I've just checked when the new calendar was adopted and it seems that it took several hundred years, with some countries changing to the new system while others stuck to the old one. I was surprised to discover that Russia didn't change until after the revolution, which in 1917 brought their dates in line with the rest of Europe.

So (assuming I have understood this correctly!) prior to 1917, while we were celebrating Christmas on 25th December, in Russia it was still only 13th December. By the time they were celebrating Christmas on what they thought was the 25th December, it was the 7th of January in Britain and Europe. In other words, it's complicated!
Hoping not to make confusion worse confounded this is how I see it:

Up to 1502 all accepted the Julian Calendar. Then the experts discovered that it took the earth 365.25 days to circle the sun and added on an extra day every 4 years to make up for this (hence leap years).

But because this arrangement was ratified by a Catholic Pope (Gregory X111) Orthodox Christian insisted on continuing to use the Julian Calendar for their liturgies.
The Coptic church here in Egypt celebrate Christmas on Jan. 7th.
A priest of the Coptic Rite lives only a few doors from me.
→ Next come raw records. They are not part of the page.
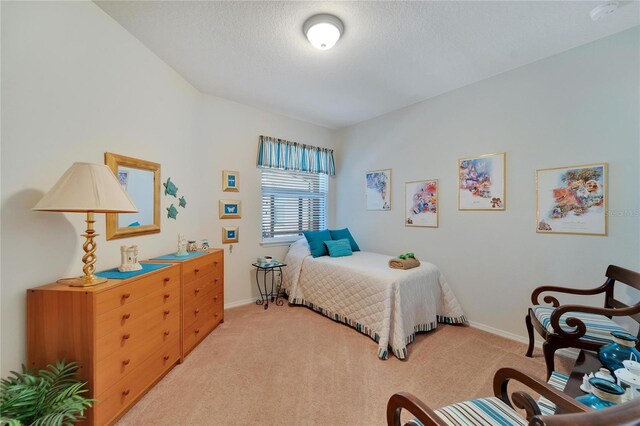 carpeted bedroom featuring a textured ceiling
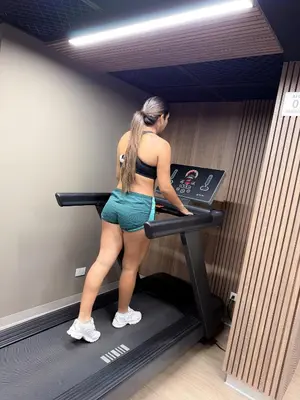a woman standing on a treadmill in a gym at The Sight in Lima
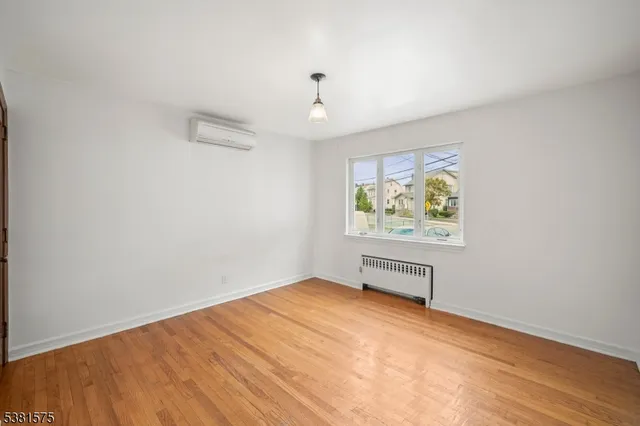 an empty room with painting on the wall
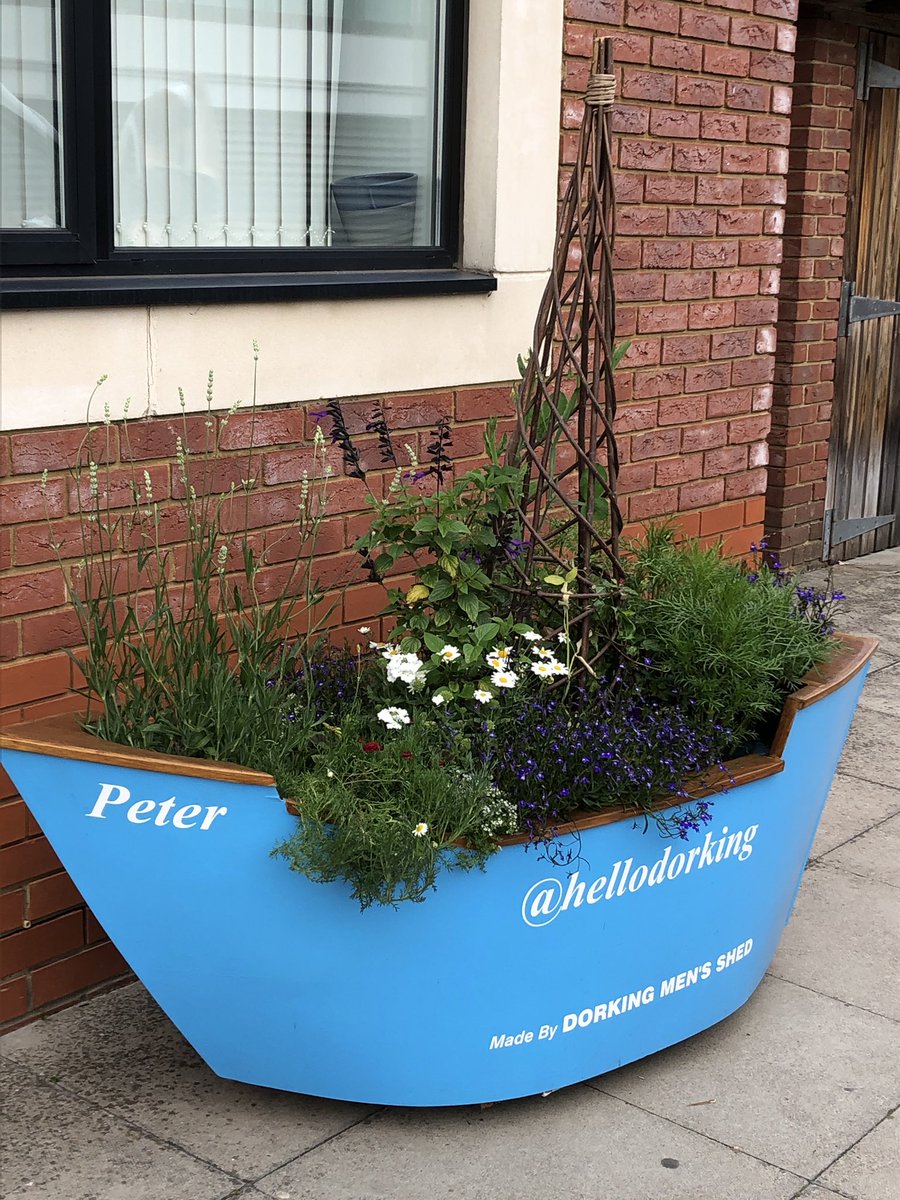 HelloDorking's tweet photo. We believe this is a great way to honour our #Dorkinian #heritage and #community #spirit which lives on today. The boats were made by Dorking Men’s Shed and the flowers were grown and planted by Patti Lister with the help of Elizabeth Fuller. Thank you for your hard work! https://t.co/INDsuXIvtC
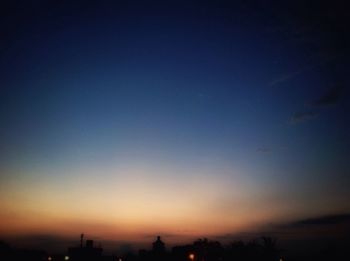 Silhouette trees against clear sky at night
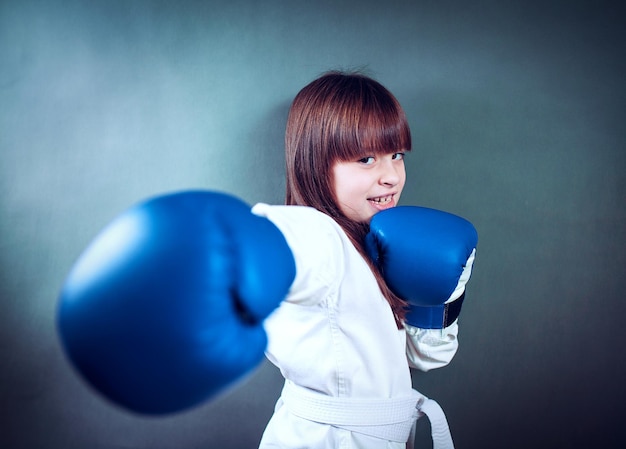 Chica vestida con un uniforme de karate y un guante de boxeo azul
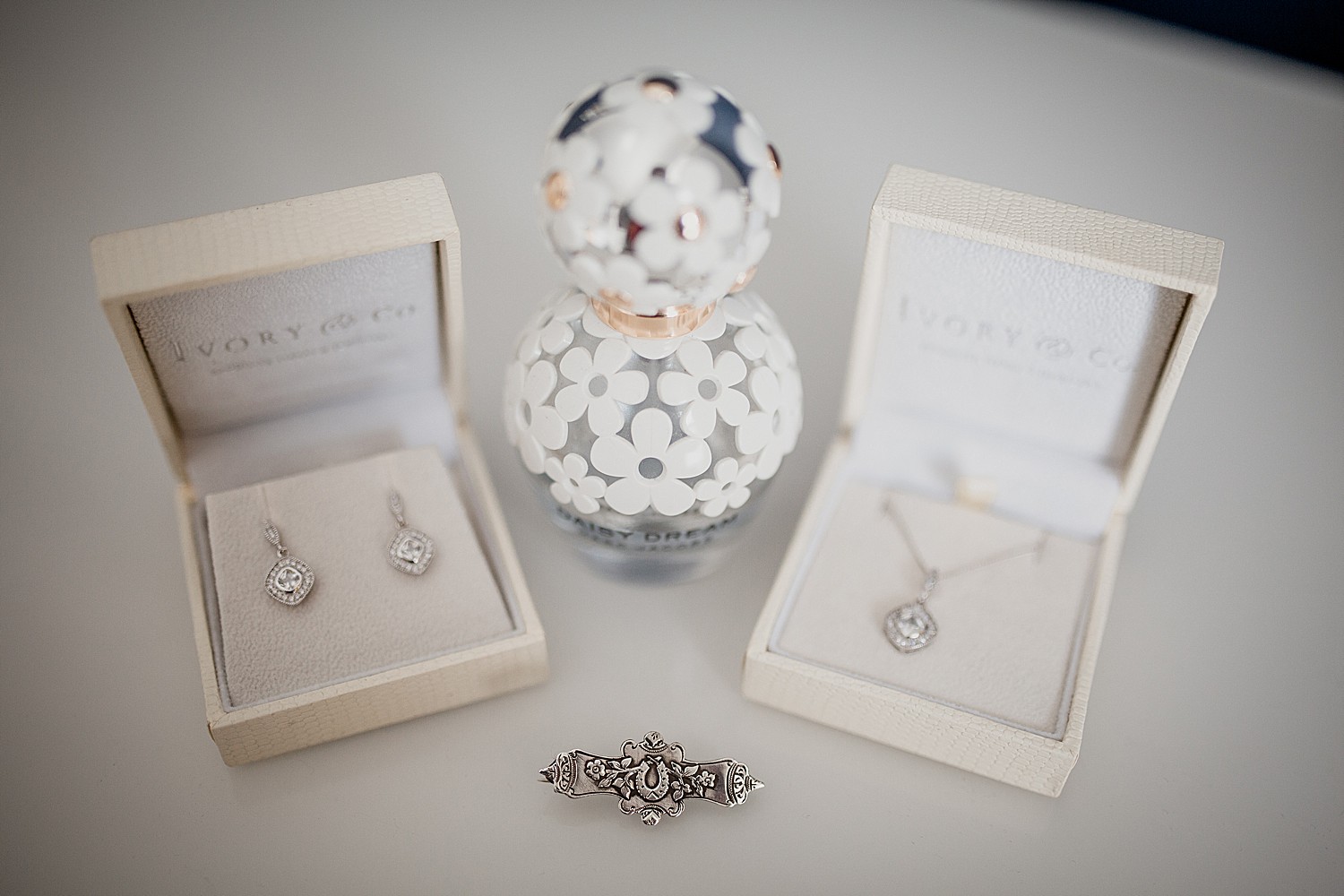 Jewellry, perfume and broach for Liverpool wedding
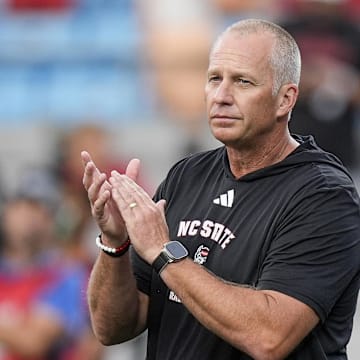 Sep 7, 2024; Charlotte, North Carolina, USA; North Carolina State Wolfpack head coach Dave Doeren during pregame activities against the Tennessee Volunteers at the Dukes Mayo Classic at Bank of America Stadium.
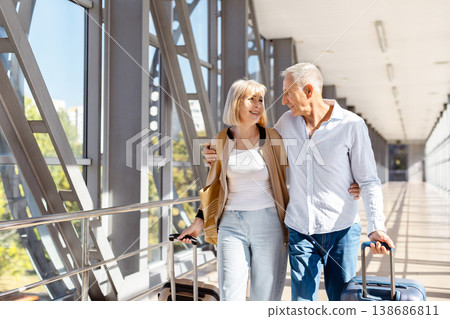 Mature couple walking through modern airport corridor with rolling suitcases Mature couple walking through modern airport corridor with rolling suitcases 138686811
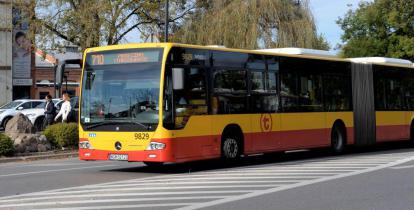 Ulica, po której jedzie czerwono-pomarańczowy autobus komunikacji miejskiej. Nad jego przednią szybą wyświetla się napis: 710 Konstancin-Jeziorna.
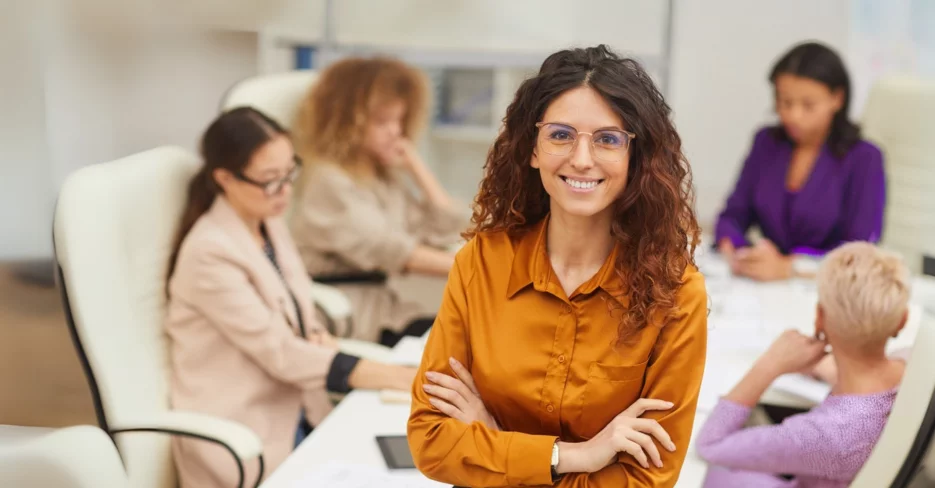 Woman standing in conference room smiling at table with colleagues seated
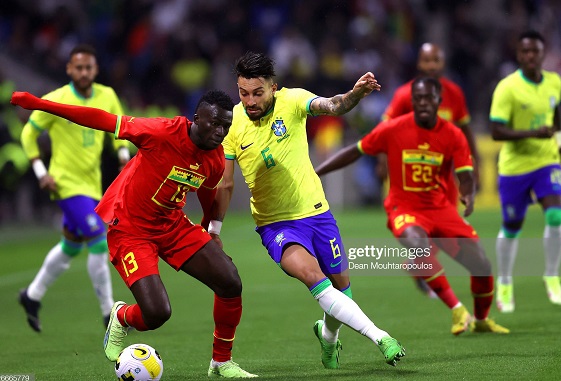 Felix Afena-Gyan of Ghana battles for possession with Alex Telles of Brazil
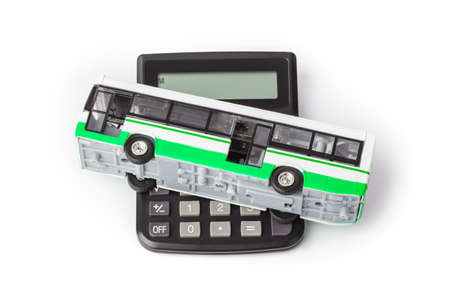 Calculator and toy bus isolated on white background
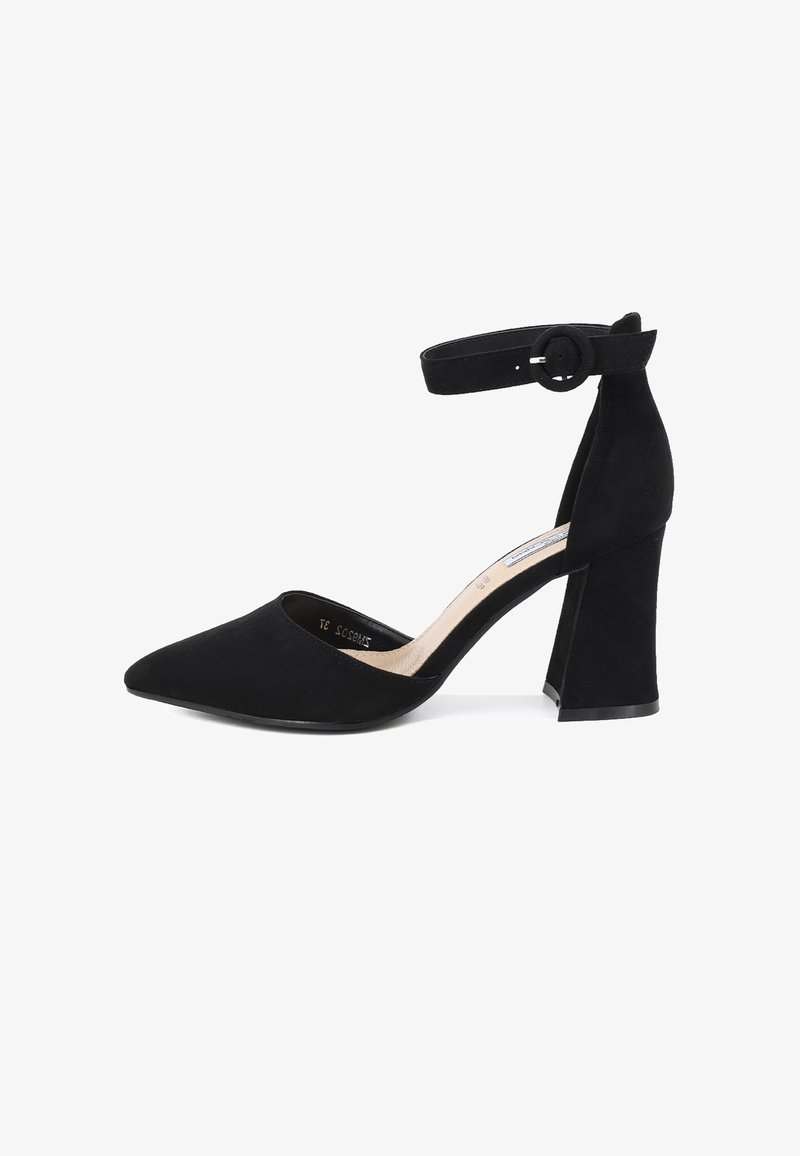 Tacchi alti in suede nero con punta affusolata e cinturino alla caviglia dotato di una fibbia circolare. Il tacco è spesso e strutturato, migliorando la stabilità.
Just Friday last he left in to me a booklet about their liturgies, etc.

I am interested in the Coptic Rite because it is based on the Gospel according to Mark and it is from one of their monasteries in France in the early 5th cent. that St. Patrick brought Christianity with its emphasis on hermitic life, pilgrimages, etc. to Ireland and established what came to be called "Celtic" spirituality.
To add that we have in Russia, from 1 to 10 January - public holidays (such as Christmas holidays)


Еще дополню, что в России у нас, с 1 по 10 января - официальные выходные дни (типа рождественские каникулы)
I agree. I work closely with a Urkrainian church.